Princeton University lawsuit

The suit states the university is claiming exempt status for non-academic buildings.

I came across an interesting article last week regarding a lawsuit filed against Princeton University that could have some impact on the Dining Services department. The suit claims that the university is claiming exempt status for buildings that do not serve an academic purpose, in violation of state law.

A group of residents in Princeton Borough lodged the complaint after their property taxes rose as much as 30% in a recent reassessment. The group listed 20 buildings in the suit, including the Frist Student Center, where Dining Services operates several retail outlets, and the university’s infirmary.

The residents are arguing that their property taxes would not be so high if the university paid its fair share of taxes on buildings that should not be exempt.

In 1987, when I worked at Food Management, I wrote a cover story entitled “When Fair Isn’t Fair.” The article focused on “town-gown” relations in a number of college towns and the battles that sometime ensue when local businesses object to universities operating foodservice “businesses” such as catering or pizza restaurants.

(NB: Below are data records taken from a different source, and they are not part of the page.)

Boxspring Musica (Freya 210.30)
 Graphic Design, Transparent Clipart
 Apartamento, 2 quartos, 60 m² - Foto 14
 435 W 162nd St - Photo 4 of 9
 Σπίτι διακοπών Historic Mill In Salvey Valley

This story has a different feel to it, in that it is residents suing over property taxes, rather than local business people going after what is known as unrelated business income tax. But the effect could be similarly deleterious for foodservice departments should the courts rule in favor of the plaintiffs and include buildings where Princeton Dining Services has operations.

I’ve not yet spoken to Dining Services Director Stu Orefice about the potential effects of the suit; I’m not sure he’ll even be able to comment at this time. But I believe this is case that will bear watching, because it could affect future consideration of where a foodservice department can set up shop, not just at Princeton but at schools all over the country.